[DATA EXTRACT — start]

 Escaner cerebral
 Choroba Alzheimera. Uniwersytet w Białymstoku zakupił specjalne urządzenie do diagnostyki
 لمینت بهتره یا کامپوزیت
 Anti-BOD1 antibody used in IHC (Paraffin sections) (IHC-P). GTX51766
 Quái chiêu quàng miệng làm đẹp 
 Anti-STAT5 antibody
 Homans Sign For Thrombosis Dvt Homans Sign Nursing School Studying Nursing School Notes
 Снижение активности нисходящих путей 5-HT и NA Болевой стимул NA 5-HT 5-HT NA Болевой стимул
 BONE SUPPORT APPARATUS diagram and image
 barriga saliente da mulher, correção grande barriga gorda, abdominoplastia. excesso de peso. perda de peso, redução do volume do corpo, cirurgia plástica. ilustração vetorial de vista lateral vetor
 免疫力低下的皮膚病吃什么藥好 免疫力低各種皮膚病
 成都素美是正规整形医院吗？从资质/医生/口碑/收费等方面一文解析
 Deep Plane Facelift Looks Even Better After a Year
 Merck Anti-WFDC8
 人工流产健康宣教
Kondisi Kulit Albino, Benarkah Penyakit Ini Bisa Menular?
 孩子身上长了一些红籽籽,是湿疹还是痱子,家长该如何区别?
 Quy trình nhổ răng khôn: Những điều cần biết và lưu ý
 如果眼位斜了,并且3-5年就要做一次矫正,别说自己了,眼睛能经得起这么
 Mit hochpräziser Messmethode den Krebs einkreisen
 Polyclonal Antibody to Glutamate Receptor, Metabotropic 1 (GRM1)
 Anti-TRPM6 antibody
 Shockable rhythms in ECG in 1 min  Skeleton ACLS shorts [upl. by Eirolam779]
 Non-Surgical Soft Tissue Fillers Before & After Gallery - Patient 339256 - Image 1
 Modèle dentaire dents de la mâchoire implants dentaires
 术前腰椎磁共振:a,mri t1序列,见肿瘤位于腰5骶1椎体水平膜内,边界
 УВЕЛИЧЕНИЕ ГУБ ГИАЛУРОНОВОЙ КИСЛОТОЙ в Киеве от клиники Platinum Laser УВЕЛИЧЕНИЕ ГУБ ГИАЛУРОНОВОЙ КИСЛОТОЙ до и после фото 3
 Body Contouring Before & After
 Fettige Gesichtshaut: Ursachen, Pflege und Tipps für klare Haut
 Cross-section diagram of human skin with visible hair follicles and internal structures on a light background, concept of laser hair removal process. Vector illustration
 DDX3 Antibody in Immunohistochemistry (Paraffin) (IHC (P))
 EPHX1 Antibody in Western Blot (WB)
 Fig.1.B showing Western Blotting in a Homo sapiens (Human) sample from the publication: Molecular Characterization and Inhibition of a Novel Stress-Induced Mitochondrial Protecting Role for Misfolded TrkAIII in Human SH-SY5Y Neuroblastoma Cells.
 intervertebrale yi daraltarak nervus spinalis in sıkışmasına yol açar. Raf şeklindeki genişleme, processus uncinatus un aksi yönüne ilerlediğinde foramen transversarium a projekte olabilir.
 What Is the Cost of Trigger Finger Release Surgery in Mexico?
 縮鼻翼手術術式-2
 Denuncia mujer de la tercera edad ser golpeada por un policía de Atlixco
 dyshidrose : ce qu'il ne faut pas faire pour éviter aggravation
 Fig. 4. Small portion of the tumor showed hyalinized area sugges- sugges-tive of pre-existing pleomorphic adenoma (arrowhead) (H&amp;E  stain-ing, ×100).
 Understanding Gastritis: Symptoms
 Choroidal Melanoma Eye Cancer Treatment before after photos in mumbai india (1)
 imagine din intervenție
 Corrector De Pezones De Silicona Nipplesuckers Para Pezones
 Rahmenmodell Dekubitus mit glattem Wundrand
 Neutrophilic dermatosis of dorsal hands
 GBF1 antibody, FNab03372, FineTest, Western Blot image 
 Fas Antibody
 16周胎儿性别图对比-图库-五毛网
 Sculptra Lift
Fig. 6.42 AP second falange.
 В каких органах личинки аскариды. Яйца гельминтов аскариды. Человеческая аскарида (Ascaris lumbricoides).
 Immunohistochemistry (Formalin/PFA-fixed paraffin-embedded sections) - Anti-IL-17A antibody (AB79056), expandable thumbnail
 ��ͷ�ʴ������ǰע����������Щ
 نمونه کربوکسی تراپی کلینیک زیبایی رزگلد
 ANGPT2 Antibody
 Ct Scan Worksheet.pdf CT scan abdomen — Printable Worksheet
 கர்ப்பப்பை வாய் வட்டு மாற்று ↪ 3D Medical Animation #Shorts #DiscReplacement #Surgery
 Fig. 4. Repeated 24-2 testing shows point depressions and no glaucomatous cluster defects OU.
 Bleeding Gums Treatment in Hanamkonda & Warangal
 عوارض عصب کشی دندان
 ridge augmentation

[DATA EXTRACT — finish]

## EXERCISE DESCRIPTION
From the entries above, pull out each line that includes "Immunohistochemistry".

## ANSWER FOR THIS EXERCISE
 DDX3 Antibody in Immunohistochemistry (Paraffin) (IHC (P))
 Immunohistochemistry (Formalin/PFA-fixed paraffin-embedded sections) - Anti-IL-17A antibody (AB79056), expandable thumbnail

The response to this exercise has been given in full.